The premise is both intriguing and simple: a thief, Dominic Cobb, played to a T by Leonardo DiCaprio, who specializes in stealing information literally from the dreams of his victims, is hired to do the reverse; to plant an idea in the mind of the intended victim, in such a way that the victim believes it to be his own idea, and acts on it accordingly.

But the nature of this film is such that literally everything that happens in the movie is open to interpretation. Reality itself is bent - both figuratively and literally - in the movie in such ways that it is impossible to purely nail down exactly what happened - or didn't - in its story, and as such, this is possibly the greatest water-cooler movie ever.

Since so much of the movie takes place in dreams, things in this film don't necessarily mean what they appear to at first glance, and their significance may be simultaneously more and less than you thought when you became aware of them initially.

...See why this movie is hard to critique?

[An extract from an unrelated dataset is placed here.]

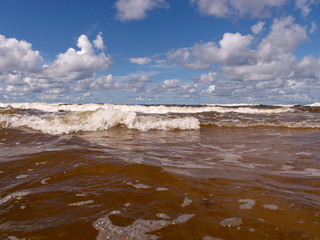 blurred foreground with sparkling waves, clouds and sea in the background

Even were I to lay out the entire series of events in the movie, start to finish, it's almost impossible to "spoil" it, because director Nolan plays a magnificent game of prestidigitation with the audience, alternately hiding things you thought you knew, and displaying other things you didn't understand as established facts.

Watching this film is like a fever dream; it makes sense, but only within itself; and yet its greater importance is that it demands so much of the audience. You cannot watch this movie and walk away unaffected; you may not like it, but it forces you to think about the implications of its message - and the meaning, ultimately, of that message itself.

I am very picky when it comes to paying ten bucks a head to go to the theater; a lot of times I choose to watch even big-name movies at home.

But this movie deserves the broad canvas of the big screen, guys.

It doesn't need 3D; it doesn't need cheap tricks to hold your interest.

As a whole, its artistry of filmmaking performs an endless sleight of hand upon you, and transforms what, in the hands of a lesser director, could have been disappointing, into a pinnacle of the art of film; this is what movies should be like.

Christopher Nolan is legit, guys. This was the best movie I've seen in years. It belongs on everyone's DVD shelf.